-- ASSIGNMENT --
Print the lines below from the line with "Verleihung des Bundesverdienstkreuzes" to the line with "Ile worków cementu" exactly, keeping both ends, and print no pictures.

-- DATA SUPPLIED --
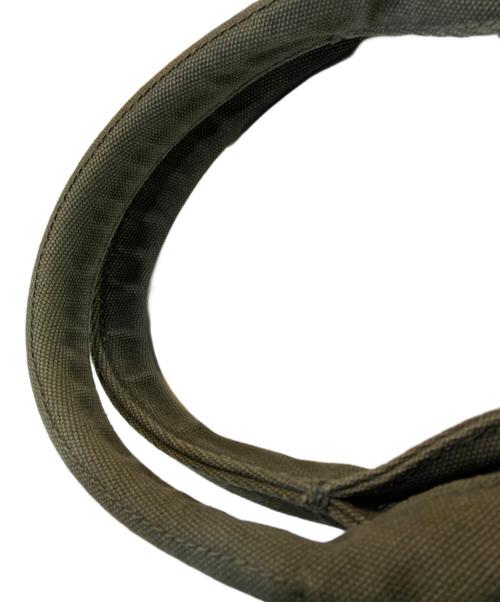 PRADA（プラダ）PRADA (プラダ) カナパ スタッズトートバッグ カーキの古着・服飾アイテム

==

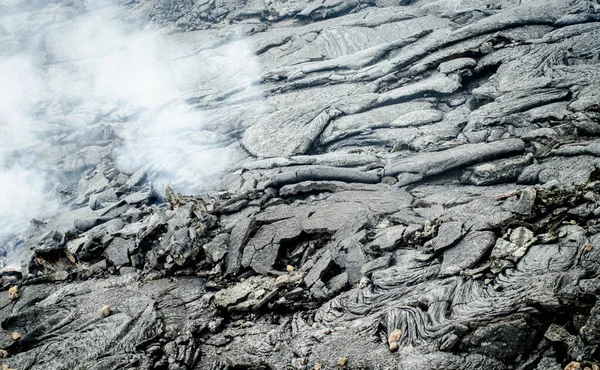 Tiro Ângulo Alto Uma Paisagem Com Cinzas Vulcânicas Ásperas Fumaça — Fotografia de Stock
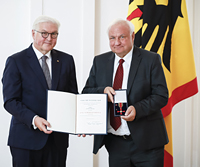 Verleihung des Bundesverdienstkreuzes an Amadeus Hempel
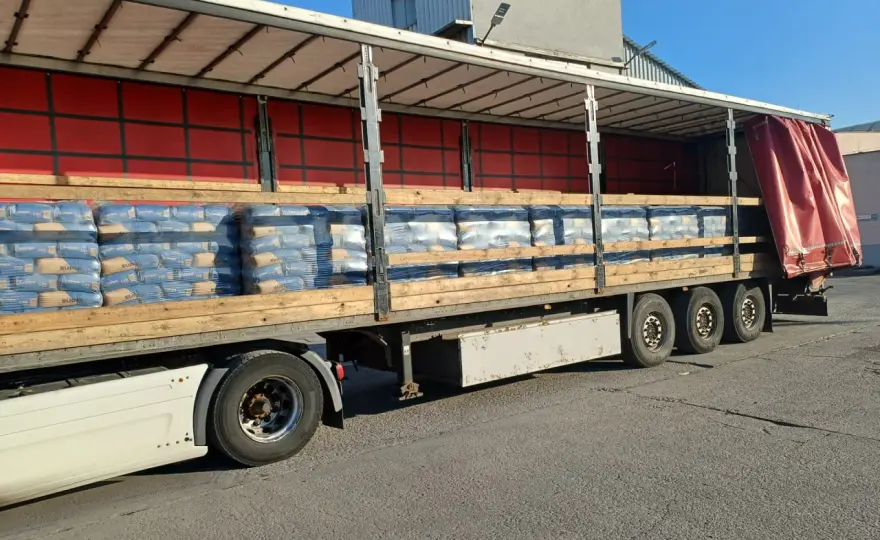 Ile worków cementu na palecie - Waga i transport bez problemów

-- SOLUTION TO THE EXERCISE --
 Verleihung des Bundesverdienstkreuzes an Amadeus Hempel
 Ile worków cementu na palecie - Waga i transport bez problemów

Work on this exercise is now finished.